Measuring bias and variance is crucial for determining the quality of a model. Bias refers to the difference between the average prediction of a model and the correct value we are trying to predict. A model with high bias oversimplifies the problem and leads to high error on both training and test data. Variance refers to the sensitivity of a model to fluctuations in the training set. High variance suggests that the model’s performance changes significantly when it is fit on different samplings of the training data, which can lead to overfitting.

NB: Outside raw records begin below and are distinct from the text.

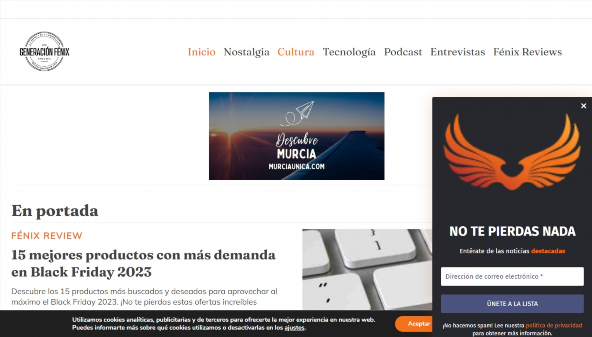 generacionfenix.com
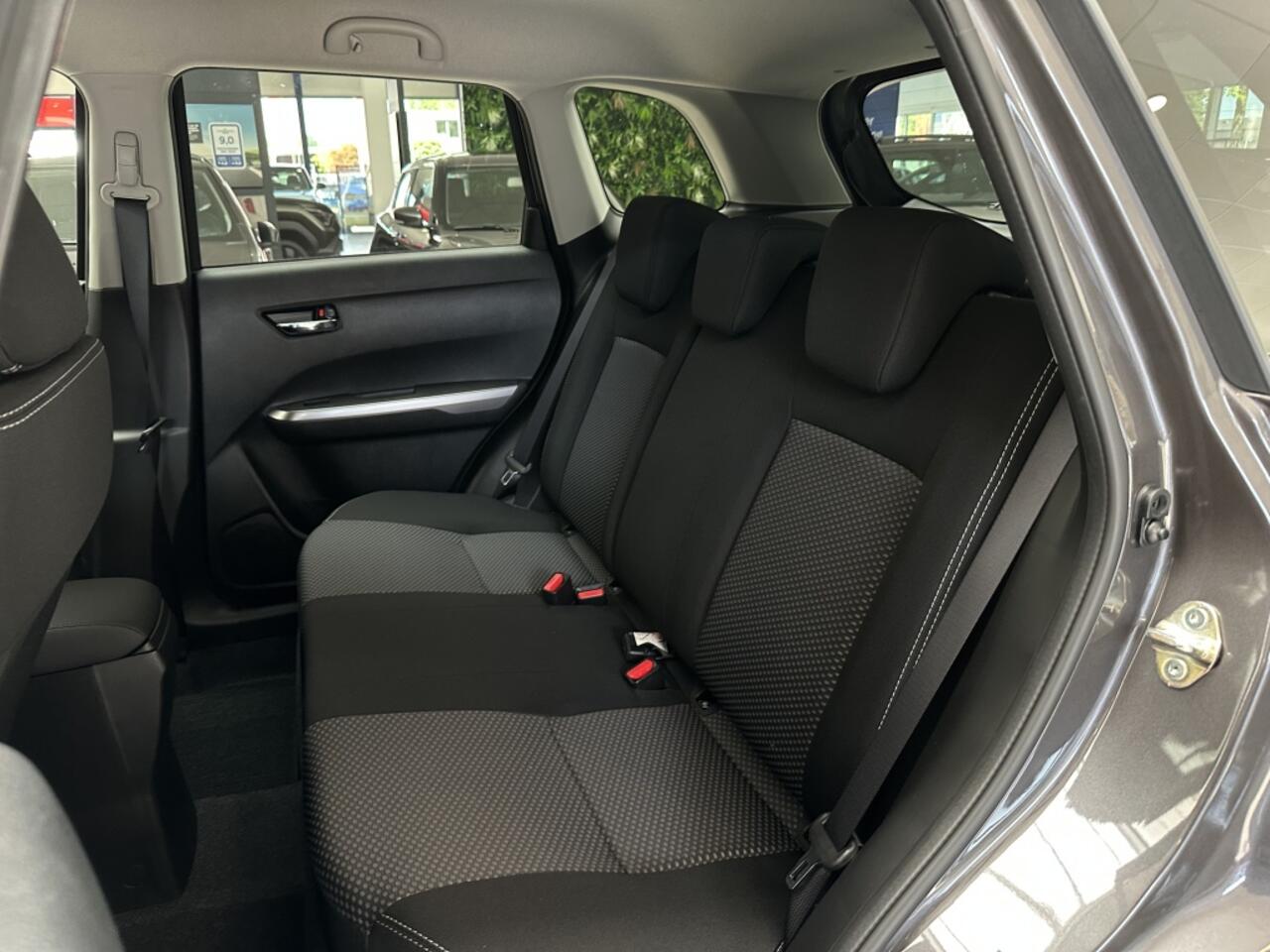 Suzuki VITARA 1.4 Boosterjet Select Smart Hybride [ CAMERA I NAVI I ADAPTIVE C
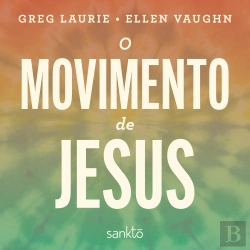 Bertrand.pt - O Movimento De Jesus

To achieve good generalization, it is essential to find a balance between bias and variance, minimizing the total error. This can be done by selecting appropriate model complexity and using regularization techniques to prevent overfitting or underfitting. Additionally, model validation techniques, such as hold-out validation and cross-validation, can be employed to assess a model’s ability to generalize to unseen data.
Bias
Consider fitting a simple linear model to nonlinear data. The model will not be able to generalize well, regardless of the size of the training set. In fact, it would also exhibit poor performance when evaluated on the training set as well. When a model has not learned the patterns in the training data and is likewise unable to generalize to new data, it is known as underfitting. In this case, such a model has high bias.
Variance
Variance is described in terms of the model fitting procedure and the training data. In terms of data, variance measures dispersion. It could also be interpreted as a measure of diversity. Sets with low variance contain samples that are close to the mean, and sampling from such a set would produce rather consistent data points.
In terms of model fitting, a model that fits the training data well but not the test data describes overfitting. This is because the training data is only an empirical sample of the true underlying distribution. A different sampling of the distribution may yield a set that more closely resembles the test set. Due to the variance of the underlying distribution, our model overfits the patterns that exist in the training set.
Bias-Variance Tradeoff
If a model is not complex enough to capture the underlying distribution, it will perform poorly on both the training and test sets. Indeed, the model has low bias. If the model is too complex, it will exhibit low bias and high variance, overfitting the training set while failing to generalize well to unseen data. The solution then is to find a tradeoff between bias and variance with respect to the model complexity.